К концу войны8 в лагере появилось много поляков. Это значило, что наши дошли до Польши и всех, кто уцелел от немцев, отправили на наши северные курорты.

Я работала тогда в швейном цехе. Начальником у нас был некто Либерман, заключённый толи за растрату, толи за хищения. Когда в лагерь прибывала новая партия, он обходил строй, спрашивая: «Евреи есть? Выходи. Евреи есть?..» - и таким образом отобранных брал к себе в цех и спасал.

Так к нам попали два раввина из польской партии заключённых. Один старый, с седой раздвоенной бородой, с длинными пейсами, в лапсердаке под телогрейкой, а второй — молодой, с маленькой бородёнкой и с ещё только отрастающими пейсиками.

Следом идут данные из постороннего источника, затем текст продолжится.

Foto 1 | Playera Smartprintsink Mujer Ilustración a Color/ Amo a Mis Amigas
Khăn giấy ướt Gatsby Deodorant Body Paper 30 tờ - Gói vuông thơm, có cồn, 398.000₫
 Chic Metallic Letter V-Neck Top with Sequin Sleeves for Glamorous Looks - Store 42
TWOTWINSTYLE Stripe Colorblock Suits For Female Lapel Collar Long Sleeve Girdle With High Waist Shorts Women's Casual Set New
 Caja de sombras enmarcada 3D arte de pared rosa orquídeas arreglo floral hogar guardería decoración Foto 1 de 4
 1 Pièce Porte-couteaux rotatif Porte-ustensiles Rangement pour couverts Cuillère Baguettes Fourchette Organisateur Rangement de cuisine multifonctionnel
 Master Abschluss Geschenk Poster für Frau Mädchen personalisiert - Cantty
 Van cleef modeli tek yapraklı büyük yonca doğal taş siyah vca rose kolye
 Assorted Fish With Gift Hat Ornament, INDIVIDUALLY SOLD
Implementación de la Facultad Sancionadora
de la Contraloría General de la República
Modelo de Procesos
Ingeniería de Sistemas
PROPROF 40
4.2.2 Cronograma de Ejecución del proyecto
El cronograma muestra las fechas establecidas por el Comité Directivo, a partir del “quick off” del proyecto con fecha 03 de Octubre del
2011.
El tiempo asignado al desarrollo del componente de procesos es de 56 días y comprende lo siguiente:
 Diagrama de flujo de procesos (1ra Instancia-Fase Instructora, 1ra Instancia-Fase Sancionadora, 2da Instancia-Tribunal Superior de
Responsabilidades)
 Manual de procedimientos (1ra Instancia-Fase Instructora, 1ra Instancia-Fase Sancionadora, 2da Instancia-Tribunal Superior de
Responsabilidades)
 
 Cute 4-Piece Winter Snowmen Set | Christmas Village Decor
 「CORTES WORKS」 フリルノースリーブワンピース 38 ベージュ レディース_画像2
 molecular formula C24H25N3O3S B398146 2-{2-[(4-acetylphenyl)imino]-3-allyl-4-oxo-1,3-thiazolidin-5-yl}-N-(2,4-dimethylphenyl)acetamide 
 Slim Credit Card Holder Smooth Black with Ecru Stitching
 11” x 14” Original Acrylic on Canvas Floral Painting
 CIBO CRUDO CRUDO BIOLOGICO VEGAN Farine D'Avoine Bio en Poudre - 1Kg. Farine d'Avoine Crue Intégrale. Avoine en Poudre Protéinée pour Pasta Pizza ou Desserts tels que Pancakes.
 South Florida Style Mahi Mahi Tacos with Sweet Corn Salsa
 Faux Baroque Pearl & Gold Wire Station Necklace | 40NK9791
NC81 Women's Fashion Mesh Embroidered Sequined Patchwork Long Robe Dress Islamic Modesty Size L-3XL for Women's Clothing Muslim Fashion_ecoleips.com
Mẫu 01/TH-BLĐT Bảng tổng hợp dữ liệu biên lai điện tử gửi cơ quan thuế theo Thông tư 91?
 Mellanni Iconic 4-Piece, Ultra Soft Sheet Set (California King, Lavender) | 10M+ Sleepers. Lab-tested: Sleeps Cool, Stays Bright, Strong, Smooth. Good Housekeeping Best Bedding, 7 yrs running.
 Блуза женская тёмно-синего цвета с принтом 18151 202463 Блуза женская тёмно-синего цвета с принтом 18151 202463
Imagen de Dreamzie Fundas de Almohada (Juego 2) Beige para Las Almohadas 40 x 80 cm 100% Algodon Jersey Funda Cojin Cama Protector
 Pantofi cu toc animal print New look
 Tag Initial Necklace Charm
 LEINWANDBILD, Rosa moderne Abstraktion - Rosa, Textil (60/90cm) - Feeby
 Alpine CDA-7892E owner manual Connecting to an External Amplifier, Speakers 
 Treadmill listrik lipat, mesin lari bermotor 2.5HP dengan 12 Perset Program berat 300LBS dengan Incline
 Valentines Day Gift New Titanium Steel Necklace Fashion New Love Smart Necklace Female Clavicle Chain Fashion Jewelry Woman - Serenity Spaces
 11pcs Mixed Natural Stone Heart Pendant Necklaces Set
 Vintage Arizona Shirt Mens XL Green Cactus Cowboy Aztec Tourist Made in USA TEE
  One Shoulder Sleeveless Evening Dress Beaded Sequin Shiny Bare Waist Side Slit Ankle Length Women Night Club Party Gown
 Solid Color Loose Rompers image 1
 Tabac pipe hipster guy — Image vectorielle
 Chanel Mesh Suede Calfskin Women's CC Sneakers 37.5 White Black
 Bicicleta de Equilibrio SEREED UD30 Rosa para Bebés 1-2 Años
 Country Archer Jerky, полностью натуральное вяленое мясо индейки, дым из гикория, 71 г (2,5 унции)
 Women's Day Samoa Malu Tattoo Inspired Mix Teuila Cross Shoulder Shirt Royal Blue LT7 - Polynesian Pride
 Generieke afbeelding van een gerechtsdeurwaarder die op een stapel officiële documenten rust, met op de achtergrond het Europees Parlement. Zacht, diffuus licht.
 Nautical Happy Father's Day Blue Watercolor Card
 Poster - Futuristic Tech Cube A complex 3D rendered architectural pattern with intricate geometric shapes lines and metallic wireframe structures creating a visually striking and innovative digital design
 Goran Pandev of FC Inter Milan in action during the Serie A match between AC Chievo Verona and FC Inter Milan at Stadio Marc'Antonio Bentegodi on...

Либерман был атеистом и человеком весьма трезвым и деловым, но в глубине души у него всё-таки теплилась мысль: а вдруг правда есть еврейский Бог?.. Он стал думать о том, как же этих раввинов устроить. Дело в том, что по закону раввин ничего не может делать, совсем ничего, только молиться: если он прикоснется какой-либо работе, он — конченый человек, для него это равносильно духовной смерти и перерождению. Значит, работать им нельзя. А в цехе все

кормились с выработки - не работаешь, ничего не получаешь. Просто так сидеть им тоже нельзя - народ везде разный, уголовницы и вообще всякие... Тогда Либерман сделал гардероб. Прибил доску с гвоздями огородил ее и внутрь посадил старого раввина. Так тот и просидел весь срок у пустой вешалки, ибо кто же будет что-то сдавать в гардероб в лагере, где и без гардероба обчистят за милую душу. Сидел и молился.

Пристроив старого, Либерман задумался о том, куда же приставить молодого. И он придумал ему должность контролера по качеству. Раввин ходил вдоль конвейера и следил за работой. Ходить-то он ходил, но замечаний по качеству, конечно, никаких не делал Ходил, смотрел, слушал совершенно невообразимые по непристойности песни, разговоры, мат и - улыбался, поглядывая на всех лукавыми глазками. 3

Так они и жили до той поры, пока наши наконец додумались, что чем кормить зря поляков по всем лагерям, лучше сделать из’них польскую армию - и пусть воюют. И стала формироваться армия Андерса . И пришел к нам в лагерь приказ о пересылке всех поляков туда, непосредственно в армию, в которую, кстати сказать, немногие попали, как-то рассосавшись по дороге.